CSA Newsletter ~ Week 1
|We're very happy to be kicking off our first ever CSA winter season share. Due to our planning and extra fall plantings of root crops and spinach in our hoop houses, we're proud to be able to offer a good supply of healthy, high quality, locally grown food throughout the winter. Only about a third of our CSA members who
were with us last summer/fall have signed up for our winter share, and we can only speculate why that is. What we're doing is so new and unusual that most folks just aren't used to the idea of local food in the Midwest in winter, let alone the fresh greens (spinach) we'll have in all but this week's box. We think these will be some of the most interesting boxes of the year as they'll include fresh greens, stored root vegetables, our jarred tomato products (look for our tomato-vegetable juice soon), and even a few frozen items we put away last year.
And it's happening in the middle of the coldest month of a winter that has not disappointed as far as cold temperatures and snow go. First there was the mega blizzard that dumped well over a foot of snow on the farm, and then blew several more feet of snow back over every cleared/shoveled surface in sight. Since then, it's been quite cold--well below average with lots of nights in the single digits and below zero. While it hasn't been bitterly cold, with the exception of a few days, it has been below average and quite cold for about the last month. I understand that hasn't been the case in Chicago yet this winter, but that extra100 miles North makes quite a difference.
The cold is no problem for the spinach we've got in the hoop houses and we expect to have it in the rest of our winter deliveries. We probably could have gone out and harvested enough spinach for everyone this week, but it seemed best to let it grow a little more, maximizing its amazing sweet flavor and yield to insurethe biggest and highest quality harvest we can over the long term. This winter is much colder than last year so the yield will be delayed, the flavor will be incredibly sweet, and the leaves will be extra thick.
As for what is in this first box, there are root crops, including our amazingly sweet fall carrots and the last of the sweet Hakurei turnips. And there are alliums, including all but the last of our yellow onions andgarlic. The Medium and Large shares will receive the last of our cabbage left from the fall, while the Small shares are receiving an extra helping of carrots and a sweet treat.

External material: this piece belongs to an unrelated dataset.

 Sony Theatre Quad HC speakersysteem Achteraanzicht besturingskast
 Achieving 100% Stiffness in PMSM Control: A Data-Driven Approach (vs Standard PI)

Last but not least are our unique whole roasted tomatoes. For those of you who haven't seen these or don't remember, they are not literally "whole" tomatoes in a jar, but rather the whole (as in whole wheat) tomato, meaning no seeds or skins have been removed. [To actually keep the whole tomato intact we'd have to take several time- and money-spending steps that would affect quality in a negative way while using more resources and costing everyone more money. Those steps include blanching the tomatoes to remove the skins (the easiest and cheapest way), and adding calcium chloride, which serves to strengthen the tomato cell walls so that the tomatoes don't fall apart in the heating/cooking process as they otherwise would.] We don't want to process the tomatoes and reduce their overall nutritional value. The result of our minimal process is a roasted product that has slightly less water, and all the nutrition and fiber that only a whole product can provide.
Thanks for taking part in our first winter share offering. If you like what you see, we hope you'll tell your friends and neighbors. We still have the capacity/crops to support about another 100 customers for this winter season. Otherwise, we'll be taking our amazing spinach to farmers' markets. While that isn't all bad, it feels better to develop relationships with more CSA customers as these connections last longer and are more satisfying.